Miss Calder was a little shocked, but maintained, as ever, a calm exterior.
“He won’t be doing anything until Valentine’s Day,” she said, reassuringly. “I’ll find a way to get you free by then.”
It was early in the evening of February the thirteenth, and darkness had once more fallen upon the island of Hopeless, Maine. The church clock struck three.
A casual observer might have noticed an unearthly flickering amid the trees. But hey, this is Hopeless; what do you expect?
That same casual observer may also have spotted Durosimi O’Stoat dragging on his overcoat as he slipped through his front door. He did not bother locking it, safe in the knowledge that no one would be foolish enough to attempt to break into his home.
Miss Calder, followed by Rhys Cranham and Drury, the skeletal hound, left the shelter of the trees and hurried towards the house.
Rhys turned the door knob and said,
“Right! That’s as much as I dare do until you’re out again. He’ll smell it if I go inside. You’re on your own in there, but I’ll stay around”
Miss Calder led Drury to the bookcase, quietly praying that the dog would be able to get them through the hidden door. She need not have worried, for it took little more than a push with his bony old legs for the door to swing open.

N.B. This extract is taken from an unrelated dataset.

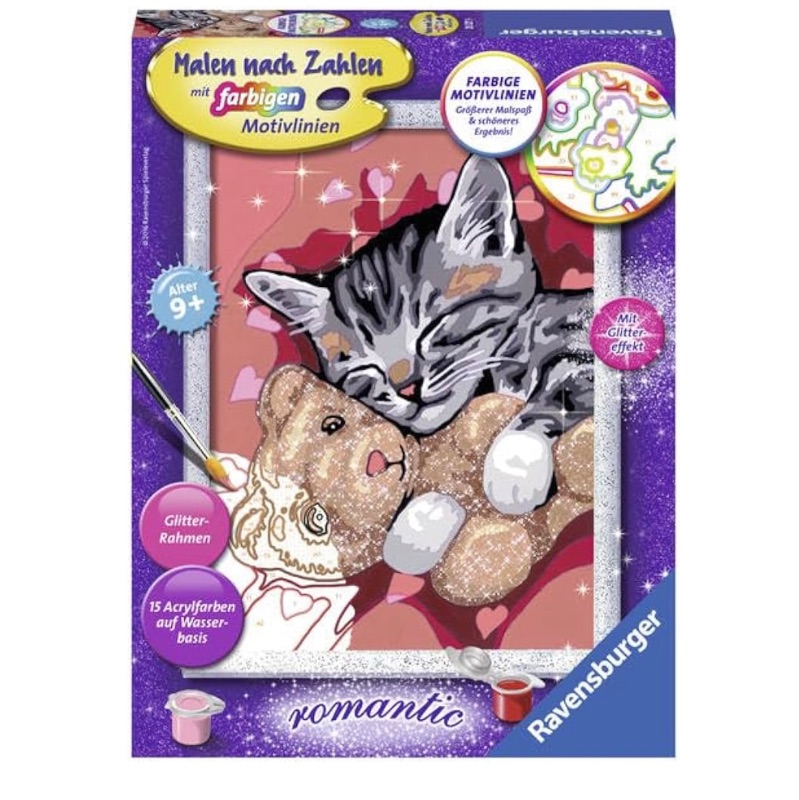 Photo 1 of *Minor Water Damage** Ravensburger- CreArt Furry Friends Paint by Number Kit Contains a Pre Painted Board, a Brush, Colors and Accessories, Creative Game for Boys and Girls 7+ Years Old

A candle had been lit in the basement, and Miss Calder entered with her usual grace and dignity, unlike Drury, who bounded noisily down the stairs, missed his footing and ended up as a pile of bones at the bottom. He staggered to his feet, shook himself and made sure that everything was where it was supposed to be.
“What the devil is that?”
“That” said Miss Calder, with some emphasis, “is Drury, and you can thank him for being the key to your freedom.”
Drury gave the ghostly witch a puzzled stare, then realised, with relief, that she was not his good friend Philomena, who was, thankfully, still in the land of the living.
Gingerly he pawed at the salt circle, disturbing a few grains. Miss Calder had told him to move a bare minimum of the salt.
He scratched away some more until there was a slim but definite means of egress from the trap.
“Now go, quickly, before he returns,” said Miss Calder.
Melusine required no second bidding. In an instant she was no more than a violet mist, gently evaporating through the wall.
With exquisite care and precision, which surprised even himself, Drury pushed the disturbed grains of salt back into place.
“It’s time that we were gone,” declared Miss Calder, and with no more ado they raced up the stairs and back to the front door, where Rhys was waiting to secure it.
“My dear Philomena,” said Durosimi “I am so glad that you asked me to meet you here this evening.”
The other patrons of The Squid and Teapot had given them a few sidelong glances, not quite believing that Philomena would be the sort to get pally with Durosimi O’Stoat.
They had been sitting and talking quietly for over two hours. Philomena stretched and yawned.
“I’m sorry, I don’t mean to be rude, Durosimi,” she said, “but I need to get some sleep. I’ve got a lot to do tomorrow, and if I’m having dinner with you, it will doubtless be a late night.”
Durosimi smiled, and looked at his pocket watch.
“I had quite lost track of the time, my dear. Is it really nine o’clock already?”
As if in confirmation, somewhere, in the distance, the church clock struck three.